═══ DATA

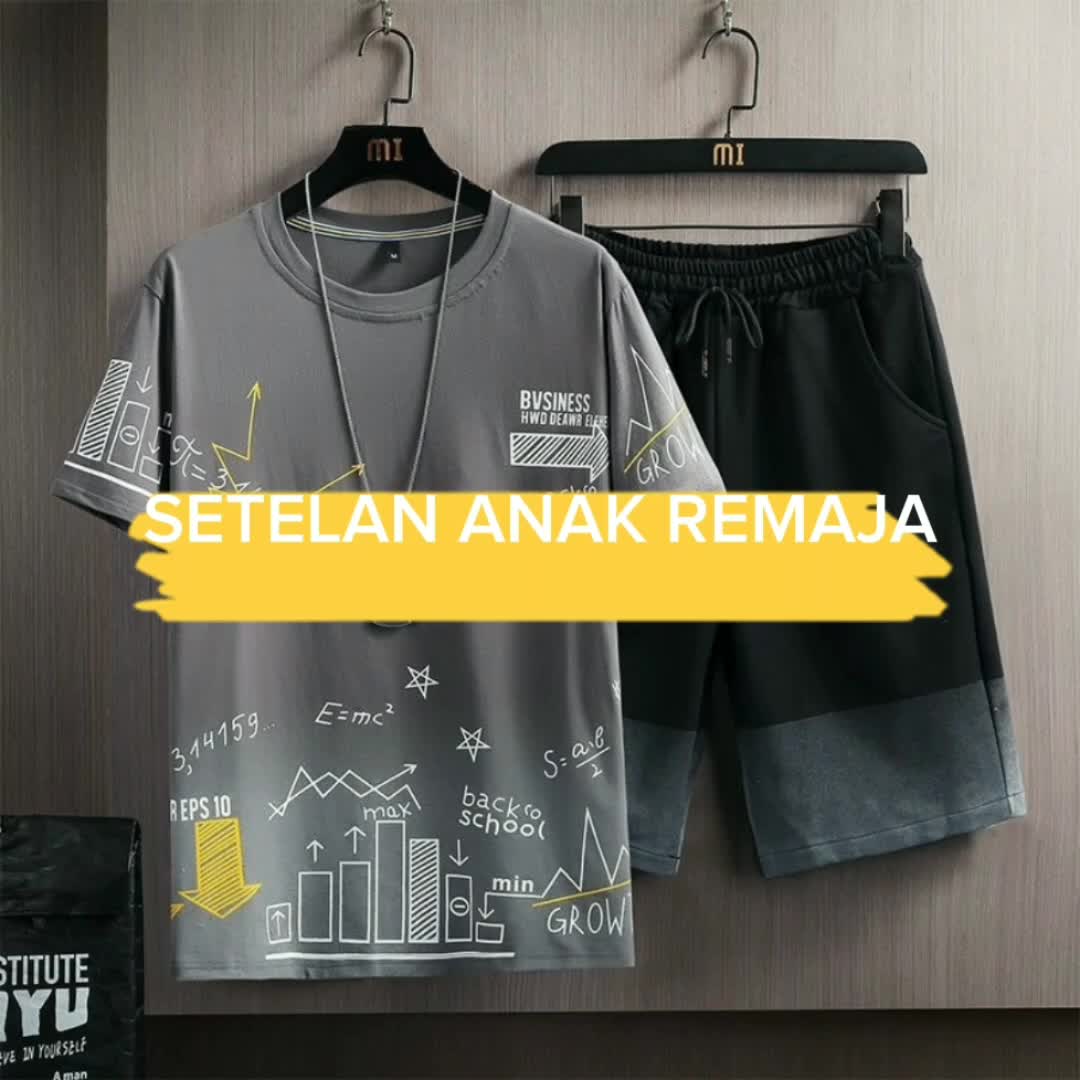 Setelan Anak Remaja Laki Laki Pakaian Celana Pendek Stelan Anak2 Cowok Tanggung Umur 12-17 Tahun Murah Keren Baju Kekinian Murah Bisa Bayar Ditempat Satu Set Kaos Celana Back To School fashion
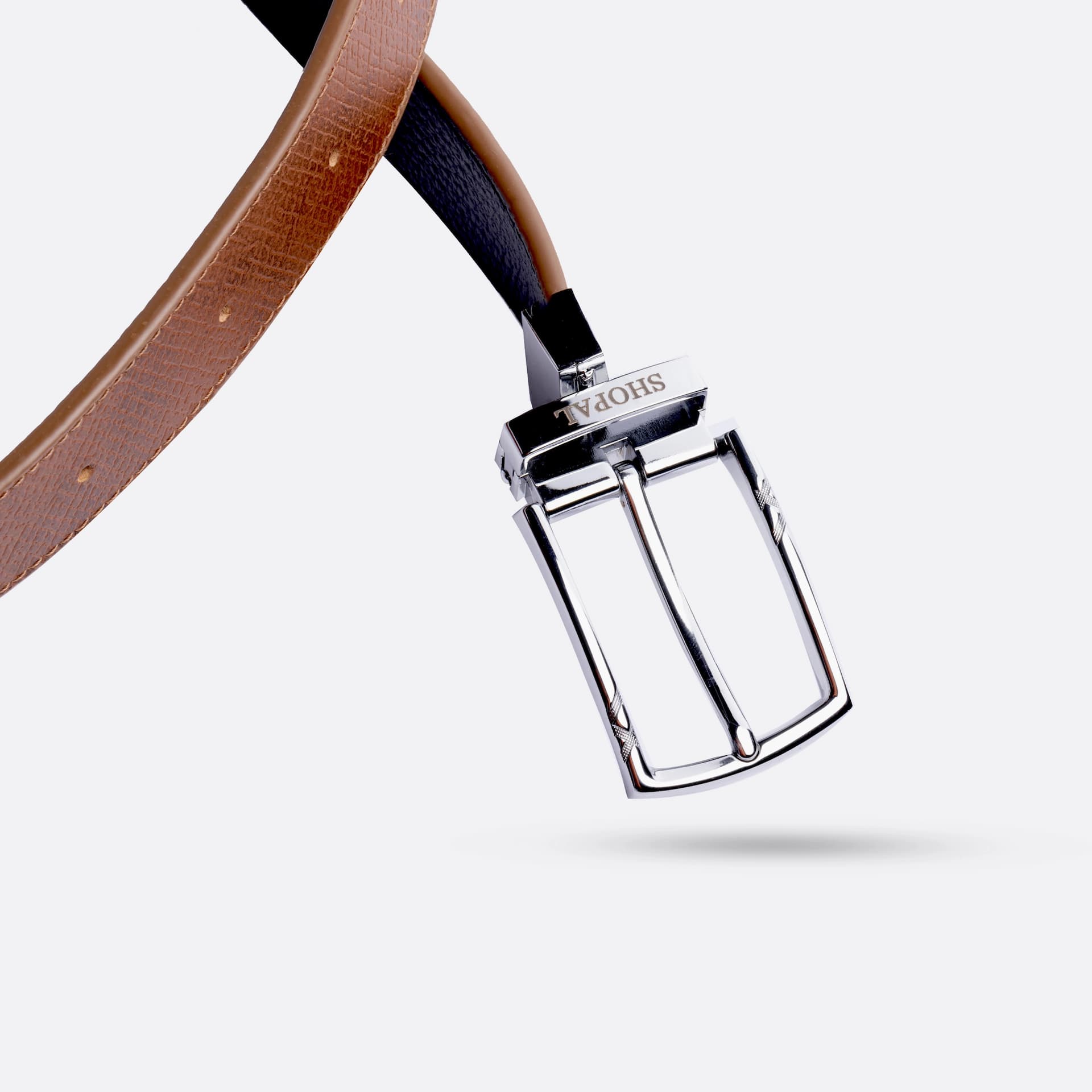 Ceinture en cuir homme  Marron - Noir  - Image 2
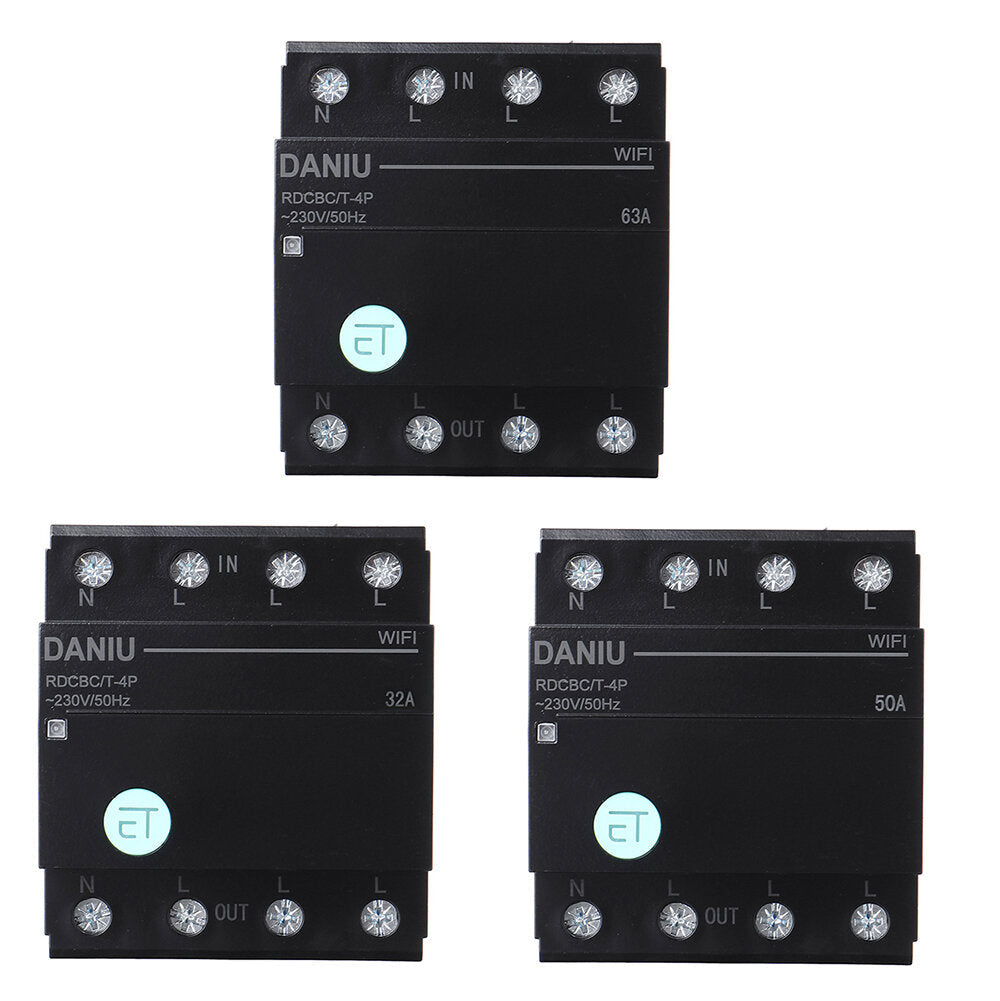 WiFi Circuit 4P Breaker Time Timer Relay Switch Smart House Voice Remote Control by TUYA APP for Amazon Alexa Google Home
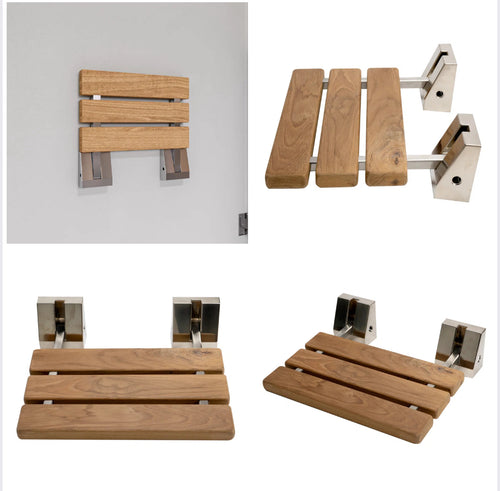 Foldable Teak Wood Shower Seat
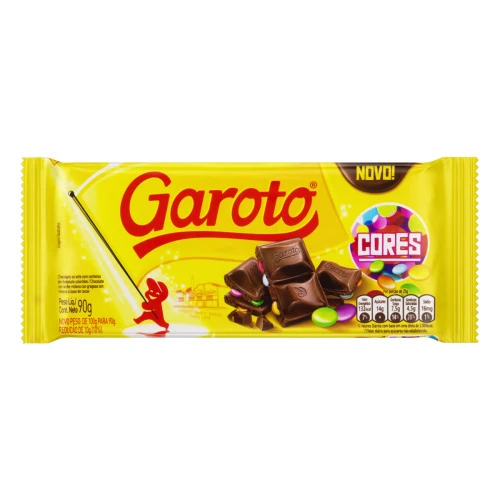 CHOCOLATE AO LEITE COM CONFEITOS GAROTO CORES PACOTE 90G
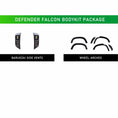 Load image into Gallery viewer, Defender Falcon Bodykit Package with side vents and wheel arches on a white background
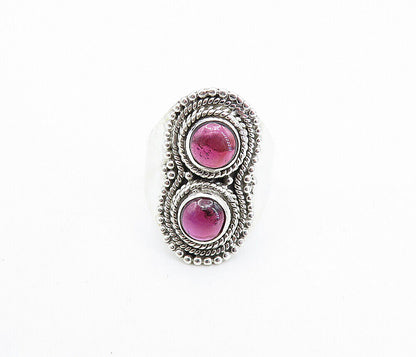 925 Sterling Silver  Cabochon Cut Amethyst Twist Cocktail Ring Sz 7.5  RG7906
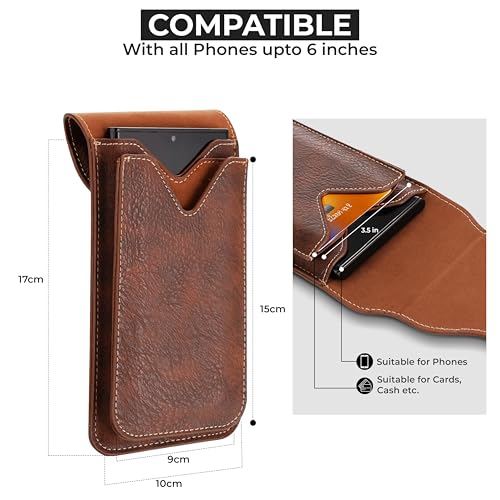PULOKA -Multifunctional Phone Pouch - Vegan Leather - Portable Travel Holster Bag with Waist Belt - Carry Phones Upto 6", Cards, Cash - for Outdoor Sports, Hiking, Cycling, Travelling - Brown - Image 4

══════

TASK BRIEF: Go to the line that contains "WiFi Circuit 4P" and copy it and every line after it through the end of the entries, exactly, without the pictures.

RESPONSE AREA:
 WiFi Circuit 4P Breaker Time Timer Relay Switch Smart House Voice Remote Control by TUYA APP for Amazon Alexa Google Home
 Foldable Teak Wood Shower Seat
 CHOCOLATE AO LEITE COM CONFEITOS GAROTO CORES PACOTE 90G
 Load image into Gallery viewer, Defender Falcon Bodykit Package with side vents and wheel arches on a white background
 925 Sterling Silver  Cabochon Cut Amethyst Twist Cocktail Ring Sz 7.5  RG7906
PULOKA -Multifunctional Phone Pouch - Vegan Leather - Portable Travel Holster Bag with Waist Belt - Carry Phones Upto 6", Cards, Cash - for Outdoor Sports, Hiking, Cycling, Travelling - Brown - Image 4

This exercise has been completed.